** Data to process follows **
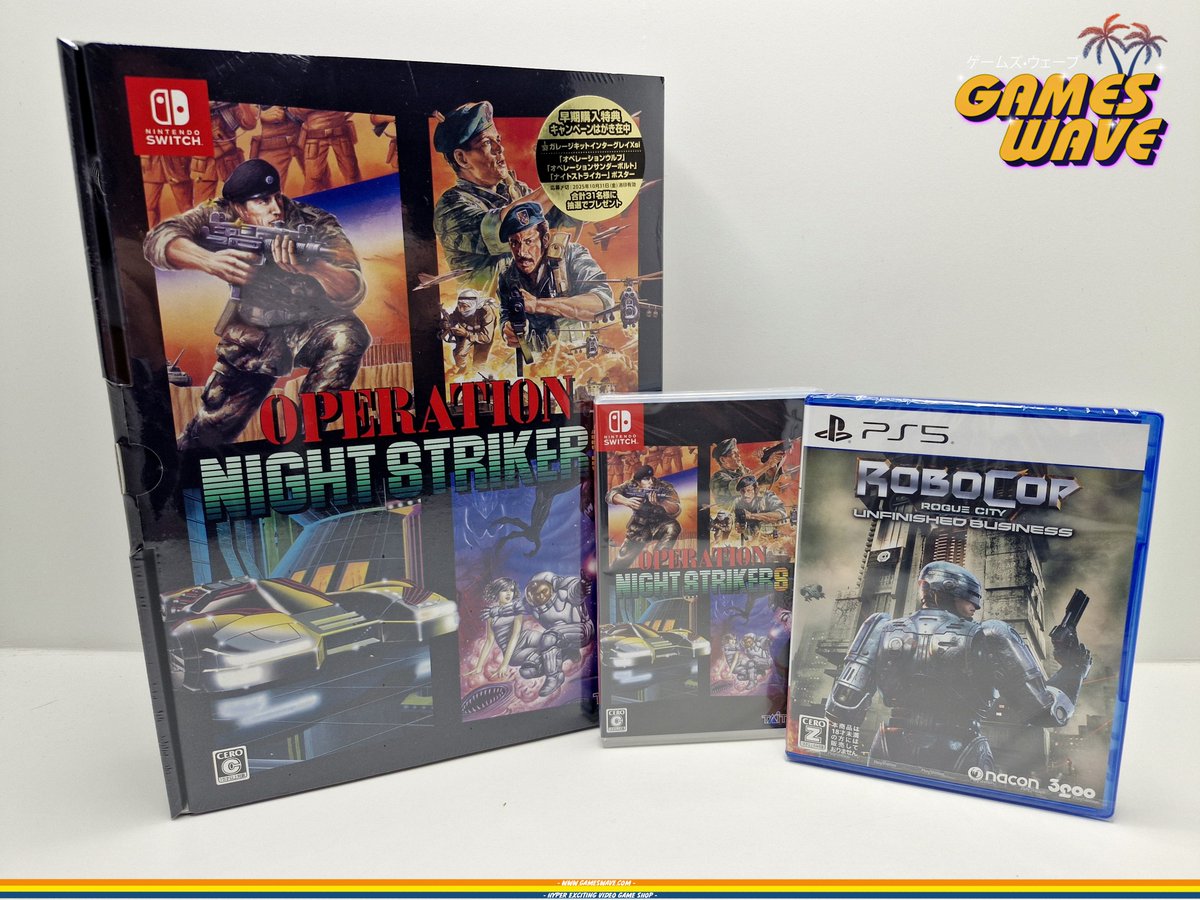 🚨Dernières nouveautés de la journée 🔥
▶️Operation Night Strikers Switch.
▶️Operation Night Strikers - Special Edition - Switch.
▶️RoboCop: Rogue City - Unfinished Business PS5.
DISPO⤵️
gameswave.com/restock/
** End of Data to process **
• **What is needed**
Identify the lines of the data that contain the word "Strikers". Copy each of them.

• **Task solution**
▶️Operation Night Strikers Switch.
▶️Operation Night Strikers - Special Edition - Switch.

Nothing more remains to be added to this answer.